I have the 2k and 4K soakers and couldn't recommend them more.


----------



## mikedtran (Mar 29, 2016)

TheDispossessed said:


> I have the 2k and 4K soakers and couldn't recommend them more.



Matteo, how long do you need to soak these for / how long does it take to dry? Or do you just keep them permasoaked?

I'm currently mostly using S & G and have though about transitioning.


----------



## Steampunk (Mar 29, 2016)

I have the 400, 1200 Splash & Go, 2000, and 6000 Splash & Go. Which I would recommend depends upon how you like to sharpen and what you are sharpening...

Firstly, I wouldn't rule out getting one of Jon's coarse stones. His stones tend to be fast cutters, and the G400 is the fastest stone in this grit range I have ever used, which is great for repairs. I actually slightly regret not getting the 400S, instead, which is supposed to be even faster cutting (Although slightly less fine), and more importantly Jon says retains water better. The G400 is a very thirsty stone, and it gets a bit annoying constantly having to splash LOTS of water on it, although you can forgive it its sins for the speed and feedback. This stone, like the rest of the soakers, really need to be perma-soaked, as the 400 in particular can still be bubbling upwards of 30-minutes after it is put in water, and they take some time to dry out fully.

If you sharpen with a lighter touch, and like soft stones, the 1200 Splash & Go has a wonderful, cushioned, creamy feedback. It's one of the most enjoyable 1-2K stones I've used just in terms of feel. It needs a quick 2-minute soak, or to be perma-soaked to get some water in it, but once you do it retains water on the surface really well, and generates some nice mud; particularly on wide bevels, where it also leaves decent contrast. It does dish, so you need to lighten up your pressure and try to use the stone evenly, although on the flip-side flattening it when needed is super fast and easy. The cutting speed isn't as high as the soaking stones, but it still cuts pretty fast. Because it is soft, it doesn't leave as crisp of an edge bevel as harder stones, so it doesn't shave arm hair as easily as - say - an 800-1K Chosera. However, it is very easy to de-burr on this stone (Even on cheap stainless, which can be prone to wire edges), so you can still get a clean and usable kitchen edge from it. I can imagine this stone would pair great with the 600 Splash & Go, which would make setting up your bevel faster, and limit the dishing. They're supposed to feel very similar. 

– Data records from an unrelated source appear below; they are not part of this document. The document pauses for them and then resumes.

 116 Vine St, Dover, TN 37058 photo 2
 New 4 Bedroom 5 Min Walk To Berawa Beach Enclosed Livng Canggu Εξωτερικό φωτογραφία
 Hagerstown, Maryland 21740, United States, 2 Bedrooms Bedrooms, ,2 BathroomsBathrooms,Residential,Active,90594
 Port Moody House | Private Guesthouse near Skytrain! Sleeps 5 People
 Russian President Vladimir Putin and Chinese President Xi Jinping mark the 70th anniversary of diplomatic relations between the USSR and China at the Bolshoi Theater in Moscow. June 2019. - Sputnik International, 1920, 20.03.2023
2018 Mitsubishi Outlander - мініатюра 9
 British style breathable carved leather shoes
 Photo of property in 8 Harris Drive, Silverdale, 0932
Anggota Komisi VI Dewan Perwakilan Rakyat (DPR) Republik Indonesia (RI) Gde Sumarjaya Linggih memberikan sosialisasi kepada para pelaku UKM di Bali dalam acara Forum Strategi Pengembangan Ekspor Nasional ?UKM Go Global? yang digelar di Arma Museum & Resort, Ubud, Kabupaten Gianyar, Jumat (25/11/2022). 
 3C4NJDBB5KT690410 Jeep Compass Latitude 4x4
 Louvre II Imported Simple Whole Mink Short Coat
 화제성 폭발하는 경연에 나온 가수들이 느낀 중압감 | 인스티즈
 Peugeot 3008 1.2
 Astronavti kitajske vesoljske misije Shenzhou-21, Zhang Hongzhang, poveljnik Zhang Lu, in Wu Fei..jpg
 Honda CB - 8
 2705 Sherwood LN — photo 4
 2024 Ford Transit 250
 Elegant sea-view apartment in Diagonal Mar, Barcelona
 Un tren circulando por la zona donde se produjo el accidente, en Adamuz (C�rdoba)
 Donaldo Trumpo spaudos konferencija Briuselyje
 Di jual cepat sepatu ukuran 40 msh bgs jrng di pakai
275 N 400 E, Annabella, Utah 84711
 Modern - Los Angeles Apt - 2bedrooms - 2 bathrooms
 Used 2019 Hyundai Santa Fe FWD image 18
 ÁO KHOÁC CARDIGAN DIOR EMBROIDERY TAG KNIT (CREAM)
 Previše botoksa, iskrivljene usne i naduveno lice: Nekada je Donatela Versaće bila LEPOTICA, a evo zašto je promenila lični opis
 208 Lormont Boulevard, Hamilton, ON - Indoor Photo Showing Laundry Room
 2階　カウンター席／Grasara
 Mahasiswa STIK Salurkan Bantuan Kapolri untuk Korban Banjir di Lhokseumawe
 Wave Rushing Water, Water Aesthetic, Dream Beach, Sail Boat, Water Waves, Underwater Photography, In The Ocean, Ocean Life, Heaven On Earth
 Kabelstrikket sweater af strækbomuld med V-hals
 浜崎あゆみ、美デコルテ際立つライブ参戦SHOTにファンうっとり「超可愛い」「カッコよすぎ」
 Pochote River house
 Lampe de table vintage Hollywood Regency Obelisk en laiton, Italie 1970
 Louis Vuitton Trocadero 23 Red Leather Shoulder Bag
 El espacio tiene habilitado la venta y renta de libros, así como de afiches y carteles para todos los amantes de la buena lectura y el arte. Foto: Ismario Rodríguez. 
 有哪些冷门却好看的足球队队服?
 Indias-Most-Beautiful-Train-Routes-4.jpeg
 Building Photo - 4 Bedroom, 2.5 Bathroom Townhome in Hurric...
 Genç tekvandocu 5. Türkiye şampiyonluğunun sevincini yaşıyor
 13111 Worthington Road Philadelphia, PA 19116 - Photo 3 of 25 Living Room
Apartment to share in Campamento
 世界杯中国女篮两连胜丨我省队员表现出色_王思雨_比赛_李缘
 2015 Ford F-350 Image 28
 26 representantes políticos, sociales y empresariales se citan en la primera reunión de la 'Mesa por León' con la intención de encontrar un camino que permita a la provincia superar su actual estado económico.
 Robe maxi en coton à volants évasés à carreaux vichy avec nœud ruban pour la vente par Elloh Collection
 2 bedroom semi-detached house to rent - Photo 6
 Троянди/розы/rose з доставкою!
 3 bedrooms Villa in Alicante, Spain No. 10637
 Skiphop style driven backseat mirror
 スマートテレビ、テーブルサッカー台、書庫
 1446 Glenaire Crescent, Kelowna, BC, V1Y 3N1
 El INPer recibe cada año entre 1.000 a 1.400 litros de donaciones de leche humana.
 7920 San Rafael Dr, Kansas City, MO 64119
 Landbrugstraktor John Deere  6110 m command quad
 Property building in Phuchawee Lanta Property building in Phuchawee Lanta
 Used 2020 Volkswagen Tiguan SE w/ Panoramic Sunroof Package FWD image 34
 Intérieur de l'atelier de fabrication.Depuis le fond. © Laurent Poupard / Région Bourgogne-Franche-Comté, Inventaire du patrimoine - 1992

The Gesshin 2000 is a very hard, vitrified stone, and is the fastest, most capable 1-2K stone I have ever used. It's faster than some 800 grit stones. It has a very aggressive, grippy feedback, and is quite dish resistant. It's thirsty, but not as thirsty as the 400. It pulls off that amazing trick of being both fast enough to do minor repair work, and being fine enough to make a usable edge. This stone sets up a wonderfully crisp edge bevel, which helps to make it easier to maintain 'bite' when progressing to finer stones, even when those finer stones are somewhat softer. The edge is definitely 2K, but it is very toothy for a 2K, and is quite usable as a kitchen edge; if de-burred properly it can shave arm hair, and really rips through soft skinned vegetables... On double-bevel knives with steels with lower wear resistance, like Shirogami #2, this stone and a finisher would pretty much be all you would ever need unless you are doing some major thinning. This stone is great on woodworking tools, too, but I wouldn't suggest it on straight razors as the grit isn't quite as consistent as a Shapton or a Naniwa. If the G4K is anything like the 2K (Which it is supposed to be; just finer.), it must be one amazing stone! It's a bit rich, but I'd love to own the 4K...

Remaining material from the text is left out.